RECORDS PROVIDED Start Marker
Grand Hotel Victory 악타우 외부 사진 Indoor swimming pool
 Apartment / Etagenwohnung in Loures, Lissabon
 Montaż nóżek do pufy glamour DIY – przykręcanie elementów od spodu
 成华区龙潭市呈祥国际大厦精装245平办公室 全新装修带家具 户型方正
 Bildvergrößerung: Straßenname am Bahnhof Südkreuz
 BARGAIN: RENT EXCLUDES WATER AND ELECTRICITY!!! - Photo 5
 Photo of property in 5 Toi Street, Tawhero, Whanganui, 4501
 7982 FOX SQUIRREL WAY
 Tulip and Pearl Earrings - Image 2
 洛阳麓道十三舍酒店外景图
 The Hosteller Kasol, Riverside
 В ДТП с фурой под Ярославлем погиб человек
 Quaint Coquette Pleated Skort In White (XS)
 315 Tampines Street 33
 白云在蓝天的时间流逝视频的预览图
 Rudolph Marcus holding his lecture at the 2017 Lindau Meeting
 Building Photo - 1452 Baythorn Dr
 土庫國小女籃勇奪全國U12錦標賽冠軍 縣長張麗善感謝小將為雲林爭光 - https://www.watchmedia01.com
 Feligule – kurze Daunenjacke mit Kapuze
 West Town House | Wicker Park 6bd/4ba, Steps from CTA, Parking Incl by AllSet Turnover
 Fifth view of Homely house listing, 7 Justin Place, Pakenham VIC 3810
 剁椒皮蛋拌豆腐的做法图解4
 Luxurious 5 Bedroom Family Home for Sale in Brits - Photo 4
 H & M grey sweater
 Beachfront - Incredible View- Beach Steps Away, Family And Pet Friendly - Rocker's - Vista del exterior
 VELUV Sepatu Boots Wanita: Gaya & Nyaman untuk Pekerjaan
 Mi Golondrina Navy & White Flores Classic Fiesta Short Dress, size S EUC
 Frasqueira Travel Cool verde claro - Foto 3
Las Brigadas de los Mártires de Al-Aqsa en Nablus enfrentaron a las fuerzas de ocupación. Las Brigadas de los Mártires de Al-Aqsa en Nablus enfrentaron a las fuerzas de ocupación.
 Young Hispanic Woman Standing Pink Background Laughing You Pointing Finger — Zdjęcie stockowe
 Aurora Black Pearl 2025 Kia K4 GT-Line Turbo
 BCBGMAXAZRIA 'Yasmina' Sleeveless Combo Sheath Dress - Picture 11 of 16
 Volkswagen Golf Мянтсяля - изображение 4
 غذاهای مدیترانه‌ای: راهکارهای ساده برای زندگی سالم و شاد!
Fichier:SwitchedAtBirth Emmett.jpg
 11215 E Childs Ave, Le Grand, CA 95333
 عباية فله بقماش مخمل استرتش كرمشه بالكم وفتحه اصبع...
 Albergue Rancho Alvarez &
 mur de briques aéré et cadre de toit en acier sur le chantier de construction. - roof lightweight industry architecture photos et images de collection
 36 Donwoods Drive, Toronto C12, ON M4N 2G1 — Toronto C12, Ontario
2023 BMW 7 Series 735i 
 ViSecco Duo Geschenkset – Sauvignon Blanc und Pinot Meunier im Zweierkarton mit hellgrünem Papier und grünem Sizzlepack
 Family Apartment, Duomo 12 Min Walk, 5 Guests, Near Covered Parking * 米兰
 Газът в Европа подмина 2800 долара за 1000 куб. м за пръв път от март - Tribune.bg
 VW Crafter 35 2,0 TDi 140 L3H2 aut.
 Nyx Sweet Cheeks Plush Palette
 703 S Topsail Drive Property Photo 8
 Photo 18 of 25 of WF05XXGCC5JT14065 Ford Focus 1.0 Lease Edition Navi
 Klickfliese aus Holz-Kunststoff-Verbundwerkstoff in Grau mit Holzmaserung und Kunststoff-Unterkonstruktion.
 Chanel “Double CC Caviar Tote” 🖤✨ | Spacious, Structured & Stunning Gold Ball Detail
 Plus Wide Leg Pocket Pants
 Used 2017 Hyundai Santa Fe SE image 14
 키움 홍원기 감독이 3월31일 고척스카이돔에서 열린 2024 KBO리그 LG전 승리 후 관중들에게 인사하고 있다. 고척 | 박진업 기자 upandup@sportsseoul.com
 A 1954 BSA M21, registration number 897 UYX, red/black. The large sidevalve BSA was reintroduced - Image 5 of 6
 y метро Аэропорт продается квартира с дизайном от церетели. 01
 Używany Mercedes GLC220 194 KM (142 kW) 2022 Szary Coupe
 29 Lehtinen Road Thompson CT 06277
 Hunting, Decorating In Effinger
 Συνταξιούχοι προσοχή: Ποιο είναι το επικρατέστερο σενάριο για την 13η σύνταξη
RECORDS PROVIDED End Marker
◆ YOUR TASK:
A faithful, word-for-word transcript of the material above is the required answer.

◆ WRITTEN ANSWER:
Grand Hotel Victory 악타우 외부 사진 Indoor swimming pool
 Apartment / Etagenwohnung in Loures, Lissabon
 Montaż nóżek do pufy glamour DIY – przykręcanie elementów od spodu
 成华区龙潭市呈祥国际大厦精装245平办公室 全新装修带家具 户型方正
 Bildvergrößerung: Straßenname am Bahnhof Südkreuz
 BARGAIN: RENT EXCLUDES WATER AND ELECTRICITY!!! - Photo 5
 Photo of property in 5 Toi Street, Tawhero, Whanganui, 4501
 7982 FOX SQUIRREL WAY
 Tulip and Pearl Earrings - Image 2
 洛阳麓道十三舍酒店外景图
 The Hosteller Kasol, Riverside
 В ДТП с фурой под Ярославлем погиб человек
 Quaint Coquette Pleated Skort In White (XS)
 315 Tampines Street 33
 白云在蓝天的时间流逝视频的预览图
 Rudolph Marcus holding his lecture at the 2017 Lindau Meeting
 Building Photo - 1452 Baythorn Dr
 土庫國小女籃勇奪全國U12錦標賽冠軍 縣長張麗善感謝小將為雲林爭光 - https://www.watchmedia01.com
 Feligule – kurze Daunenjacke mit Kapuze
 West Town House | Wicker Park 6bd/4ba, Steps from CTA, Parking Incl by AllSet Turnover
 Fifth view of Homely house listing, 7 Justin Place, Pakenham VIC 3810
 剁椒皮蛋拌豆腐的做法图解4
 Luxurious 5 Bedroom Family Home for Sale in Brits - Photo 4
 H & M grey sweater
 Beachfront - Incredible View- Beach Steps Away, Family And Pet Friendly - Rocker's - Vista del exterior
 VELUV Sepatu Boots Wanita: Gaya & Nyaman untuk Pekerjaan
 Mi Golondrina Navy & White Flores Classic Fiesta Short Dress, size S EUC
 Frasqueira Travel Cool verde claro - Foto 3
Las Brigadas de los Mártires de Al-Aqsa en Nablus enfrentaron a las fuerzas de ocupación. Las Brigadas de los Mártires de Al-Aqsa en Nablus enfrentaron a las fuerzas de ocupación.
 Young Hispanic Woman Standing Pink Background Laughing You Pointing Finger — Zdjęcie stockowe
 Aurora Black Pearl 2025 Kia K4 GT-Line Turbo
 BCBGMAXAZRIA 'Yasmina' Sleeveless Combo Sheath Dress - Picture 11 of 16
 Volkswagen Golf Мянтсяля - изображение 4
 غذاهای مدیترانه‌ای: راهکارهای ساده برای زندگی سالم و شاد!
Fichier:SwitchedAtBirth Emmett.jpg
 11215 E Childs Ave, Le Grand, CA 95333
 عباية فله بقماش مخمل استرتش كرمشه بالكم وفتحه اصبع...
 Albergue Rancho Alvarez &
 mur de briques aéré et cadre de toit en acier sur le chantier de construction. - roof lightweight industry architecture photos et images de collection
 36 Donwoods Drive, Toronto C12, ON M4N 2G1 — Toronto C12, Ontario
2023 BMW 7 Series 735i 
 ViSecco Duo Geschenkset – Sauvignon Blanc und Pinot Meunier im Zweierkarton mit hellgrünem Papier und grünem Sizzlepack
 Family Apartment, Duomo 12 Min Walk, 5 Guests, Near Covered Parking * 米兰
 Газът в Европа подмина 2800 долара за 1000 куб. м за пръв път от март - Tribune.bg
 VW Crafter 35 2,0 TDi 140 L3H2 aut.
 Nyx Sweet Cheeks Plush Palette
 703 S Topsail Drive Property Photo 8
 Photo 18 of 25 of WF05XXGCC5JT14065 Ford Focus 1.0 Lease Edition Navi
 Klickfliese aus Holz-Kunststoff-Verbundwerkstoff in Grau mit Holzmaserung und Kunststoff-Unterkonstruktion.
 Chanel “Double CC Caviar Tote” 🖤✨ | Spacious, Structured & Stunning Gold Ball Detail
 Plus Wide Leg Pocket Pants
 Used 2017 Hyundai Santa Fe SE image 14
 키움 홍원기 감독이 3월31일 고척스카이돔에서 열린 2024 KBO리그 LG전 승리 후 관중들에게 인사하고 있다. 고척 | 박진업 기자 upandup@sportsseoul.com
 A 1954 BSA M21, registration number 897 UYX, red/black. The large sidevalve BSA was reintroduced - Image 5 of 6
 y метро Аэропорт продается квартира с дизайном от церетели. 01
 Używany Mercedes GLC220 194 KM (142 kW) 2022 Szary Coupe
 29 Lehtinen Road Thompson CT 06277
 Hunting, Decorating In Effinger
 Συνταξιούχοι προσοχή: Ποιο είναι το επικρατέστερο σενάριο για την 13η σύνταξη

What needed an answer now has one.